Ingredients and Weight:
- 1 pound boneless, skinless chicken breast
- 1 cup shredded carrots
- 1 cup shredded cabbage
- 1/2 cup shredded red bell pepper
- 1/4 cup chopped green onions
- 1/4 cup chopped cilantro
Dressing:
- 1/4 cup low-sodium soy sauce
- 1/4 cup honey
- 1/4 cup rice vinegar
- 1 tablespoon toasted sesame oil
- 1 teaspoon ground ginger
- 1/4 teaspoon red pepper flakes
Preparation Time:
Cooking Time:
Difficulty Level:
Preparation Method Steps:
- Cut the chicken into bite-sized pieces and season with salt and pepper.
- Heat a large skillet over medium-high heat. Add the chicken and cook until golden brown and cooked through, about 5-7 minutes.
- While the chicken is cooking, whisk together the dressing ingredients in a bowl.
- In a large salad bowl, combine the carrots, cabbage, red bell pepper, green onions, and cilantro.
- Add the cooked chicken to the salad bowl and pour over the dressing.
- Toss to coat and serve immediately.
Nutritional Information (per serving):
- Calories: 350
- Fat: 15 grams
- Protein: 30 grams
- Carbohydrates: 25 grams
Dish Characteristics:
- Bright and colorful
- Savory and slightly sweet
- Crisp and refreshing
- Perfect for a light lunch or dinner
User Comments:
- "This salad is amazing!
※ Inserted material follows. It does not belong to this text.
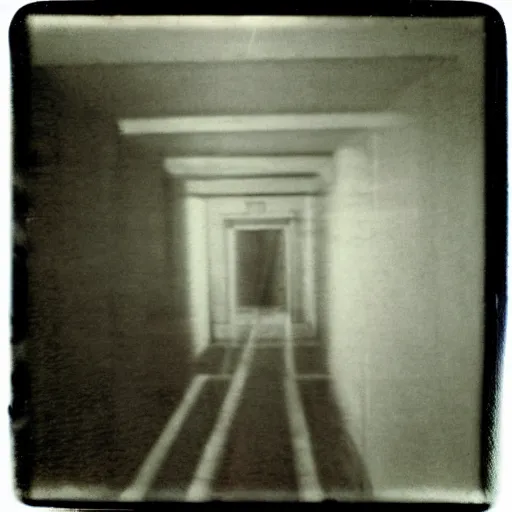 Image similar to a terrifying monster at the end of a hallway, dark!, creepy, nightmare fuel!!!, bones, horror, horrifying, unsettling, uncanny valley!, old polaroid, expired film,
The combination of flavors is perfect and the sesame dressing is out of this world."
- "I made this for a potluck and it was a huge hit. Everyone loved it!"
- "I'm not usually a big fan of chicken salad, but this one totally changed my mind. It's so good!"
Special Precautions and Tips:
- Be sure to cook the chicken thoroughly to avoid any foodborne illnesses.
- If you don't have any honey on hand, you can substitute maple syrup or agave nectar.
- You can adjust the heat level of the salad by adding more or less red pepper flakes to the dressing.